WHAT YOU SHOULD DO - When you reach the records below, output each one exactly.
*-*-*
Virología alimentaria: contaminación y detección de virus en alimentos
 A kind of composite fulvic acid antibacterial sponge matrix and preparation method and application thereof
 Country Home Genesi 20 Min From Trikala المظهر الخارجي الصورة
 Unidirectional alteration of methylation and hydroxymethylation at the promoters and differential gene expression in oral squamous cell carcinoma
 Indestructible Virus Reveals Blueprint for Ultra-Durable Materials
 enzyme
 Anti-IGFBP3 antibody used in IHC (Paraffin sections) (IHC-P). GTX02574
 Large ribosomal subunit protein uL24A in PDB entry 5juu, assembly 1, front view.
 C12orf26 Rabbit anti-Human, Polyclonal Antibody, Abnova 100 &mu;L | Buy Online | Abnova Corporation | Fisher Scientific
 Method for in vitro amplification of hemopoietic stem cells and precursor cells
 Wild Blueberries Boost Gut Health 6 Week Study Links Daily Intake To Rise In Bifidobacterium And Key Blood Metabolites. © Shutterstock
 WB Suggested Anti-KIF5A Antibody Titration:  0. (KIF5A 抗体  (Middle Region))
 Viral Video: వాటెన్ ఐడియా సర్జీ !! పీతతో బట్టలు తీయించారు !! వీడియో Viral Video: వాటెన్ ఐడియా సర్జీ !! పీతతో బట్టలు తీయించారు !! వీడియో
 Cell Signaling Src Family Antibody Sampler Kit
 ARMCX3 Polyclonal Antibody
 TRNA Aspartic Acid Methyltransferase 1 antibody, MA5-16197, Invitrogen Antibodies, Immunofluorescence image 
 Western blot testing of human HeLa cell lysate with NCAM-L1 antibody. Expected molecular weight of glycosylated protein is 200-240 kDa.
*-*-*
EXERCISE RESULT -
Virología alimentaria: contaminación y detección de virus en alimentos
 A kind of composite fulvic acid antibacterial sponge matrix and preparation method and application thereof
 Country Home Genesi 20 Min From Trikala المظهر الخارجي الصورة
 Unidirectional alteration of methylation and hydroxymethylation at the promoters and differential gene expression in oral squamous cell carcinoma
 Indestructible Virus Reveals Blueprint for Ultra-Durable Materials
 enzyme
 Anti-IGFBP3 antibody used in IHC (Paraffin sections) (IHC-P). GTX02574
 Large ribosomal subunit protein uL24A in PDB entry 5juu, assembly 1, front view.
 C12orf26 Rabbit anti-Human, Polyclonal Antibody, Abnova 100 &mu;L | Buy Online | Abnova Corporation | Fisher Scientific
 Method for in vitro amplification of hemopoietic stem cells and precursor cells
 Wild Blueberries Boost Gut Health 6 Week Study Links Daily Intake To Rise In Bifidobacterium And Key Blood Metabolites. © Shutterstock
 WB Suggested Anti-KIF5A Antibody Titration:  0. (KIF5A 抗体  (Middle Region))
 Viral Video: వాటెన్ ఐడియా సర్జీ !! పీతతో బట్టలు తీయించారు !! వీడియో Viral Video: వాటెన్ ఐడియా సర్జీ !! పీతతో బట్టలు తీయించారు !! వీడియో
 Cell Signaling Src Family Antibody Sampler Kit
 ARMCX3 Polyclonal Antibody
 TRNA Aspartic Acid Methyltransferase 1 antibody, MA5-16197, Invitrogen Antibodies, Immunofluorescence image 
 Western blot testing of human HeLa cell lysate with NCAM-L1 antibody. Expected molecular weight of glycosylated protein is 200-240 kDa.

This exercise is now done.